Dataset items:
⟨

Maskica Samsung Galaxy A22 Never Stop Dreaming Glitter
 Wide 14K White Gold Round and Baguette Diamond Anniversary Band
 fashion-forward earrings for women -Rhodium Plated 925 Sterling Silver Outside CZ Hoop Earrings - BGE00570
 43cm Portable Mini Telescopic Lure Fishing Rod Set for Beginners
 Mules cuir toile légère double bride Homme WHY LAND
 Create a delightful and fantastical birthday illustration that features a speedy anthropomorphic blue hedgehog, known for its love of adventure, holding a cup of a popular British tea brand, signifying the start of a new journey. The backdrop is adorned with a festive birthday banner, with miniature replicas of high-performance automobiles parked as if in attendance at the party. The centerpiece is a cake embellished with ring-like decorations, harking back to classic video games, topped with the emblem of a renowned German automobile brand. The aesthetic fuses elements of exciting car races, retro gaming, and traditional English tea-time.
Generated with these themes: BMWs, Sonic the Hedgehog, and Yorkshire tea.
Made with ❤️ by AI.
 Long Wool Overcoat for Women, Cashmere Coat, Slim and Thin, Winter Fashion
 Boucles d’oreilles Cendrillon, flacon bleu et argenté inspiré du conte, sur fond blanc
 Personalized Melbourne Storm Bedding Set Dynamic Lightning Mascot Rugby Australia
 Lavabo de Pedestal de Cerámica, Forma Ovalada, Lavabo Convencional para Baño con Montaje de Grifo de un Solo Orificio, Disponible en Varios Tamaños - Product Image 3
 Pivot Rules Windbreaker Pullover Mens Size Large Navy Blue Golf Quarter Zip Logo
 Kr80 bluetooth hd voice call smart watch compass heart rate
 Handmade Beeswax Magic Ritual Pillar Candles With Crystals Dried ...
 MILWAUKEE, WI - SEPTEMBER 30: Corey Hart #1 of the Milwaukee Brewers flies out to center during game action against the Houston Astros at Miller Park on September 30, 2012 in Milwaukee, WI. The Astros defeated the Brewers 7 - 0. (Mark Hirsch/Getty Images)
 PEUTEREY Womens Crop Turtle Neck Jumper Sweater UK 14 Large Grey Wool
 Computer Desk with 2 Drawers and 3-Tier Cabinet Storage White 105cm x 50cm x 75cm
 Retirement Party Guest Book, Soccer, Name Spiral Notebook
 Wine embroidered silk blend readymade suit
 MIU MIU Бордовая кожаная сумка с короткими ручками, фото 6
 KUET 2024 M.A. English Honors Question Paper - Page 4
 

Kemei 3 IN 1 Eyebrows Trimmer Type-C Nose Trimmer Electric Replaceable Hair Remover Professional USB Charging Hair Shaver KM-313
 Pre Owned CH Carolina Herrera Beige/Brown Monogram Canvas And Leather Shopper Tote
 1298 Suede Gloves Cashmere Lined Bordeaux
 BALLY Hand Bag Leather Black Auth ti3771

⟩

→ **Task item**
An exact copy of the lines above between the line holding "Retirement Party Guest" and the line holding "Kemei 3 IN 1", inclusive, is the whole answer.

→ **Solution to the problem**
 Retirement Party Guest Book, Soccer, Name Spiral Notebook
 Wine embroidered silk blend readymade suit
 MIU MIU Бордовая кожаная сумка с короткими ручками, фото 6
 KUET 2024 M.A. English Honors Question Paper - Page 4
 

Kemei 3 IN 1 Eyebrows Trimmer Type-C Nose Trimmer Electric Replaceable Hair Remover Professional USB Charging Hair Shaver KM-313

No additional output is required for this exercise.